Some of the excess CVD mortality in AAs can be attributed to a higher prevalence of modifiable risk factors and their cardiovascular consequences, particulariy hypertension. There is a 62.9% prevalence of hypertension in the JHS cohort (Wyatt et. al, 2008). Hypertensive target organ-damage is also seen more frequently, is typically more severe, and occurs at younger ages in AAs. In particular, renal failure and left ventricular hypertrophy (LVH) are more common in AA than EA hypertensive individuals at comparable levels of blood pressure (Klag, 1997).
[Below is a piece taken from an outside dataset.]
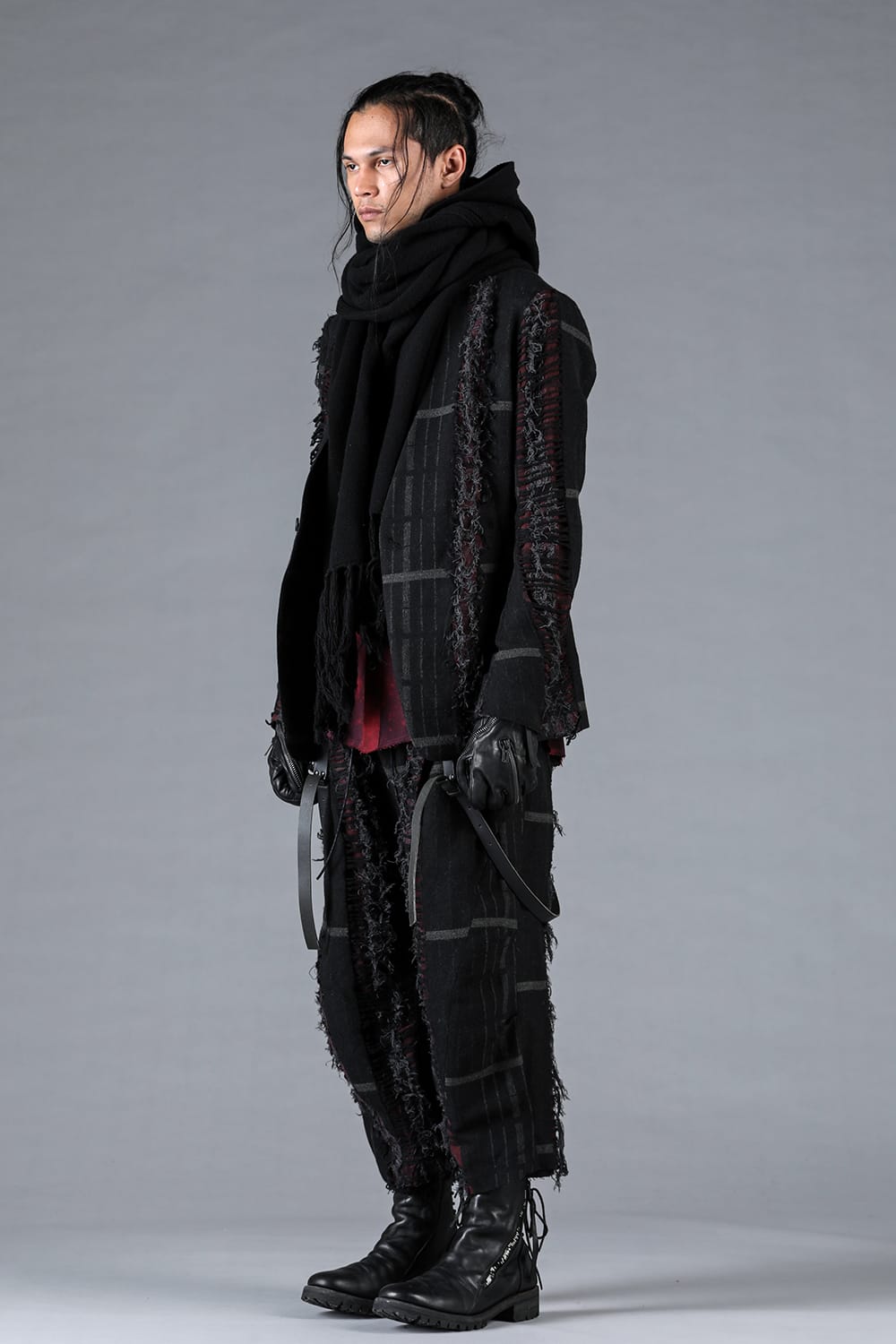 Destroy Random Stripe Wide Cropped Pants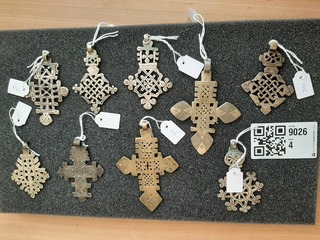 Diverse hangers Koptische kruisjes, Ethiopie/Eritrea, 1930-1950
Other risk factors more common in AAs than EAs include type 2 diabetes mellitus, high density lipoprotein (HDL) cholesterol, increased lipoprotein (Lp), and obesity (in women). While biologic and genetic influences on CVD risk may vary by ethnicity, they interact with and are modified by environmental variables including cultural, psychosocial, and economic issues. At least half the excess risk in AAs is unexplained (Jones et al., 2002. Relationships exist between disease states and obesity and body composition, including body mass index (BMI), total body weight, waist circumference (WC), waist-to-hip ratio (WHR), waist-to-height ratio, and body surface area (Ochs-Balcom, 2006). Koziel (2007) reported that lung function was related to Increased skin-fold thicknesses and subcutaneous and visceral fat deposits and that subcutaneous fat in the upper thorax affected certain organ function more than other body composition measures, including visceral and subcutaneous abdominal fat. In addition, about half of all causes of mortality in the U.S. are linked to social and behavioral factors, like diet and sedentary life-style (lOM, 2000).

National Institute of Health (NIH)
National Institute on Minority Health and Health Disparities (NIMHD)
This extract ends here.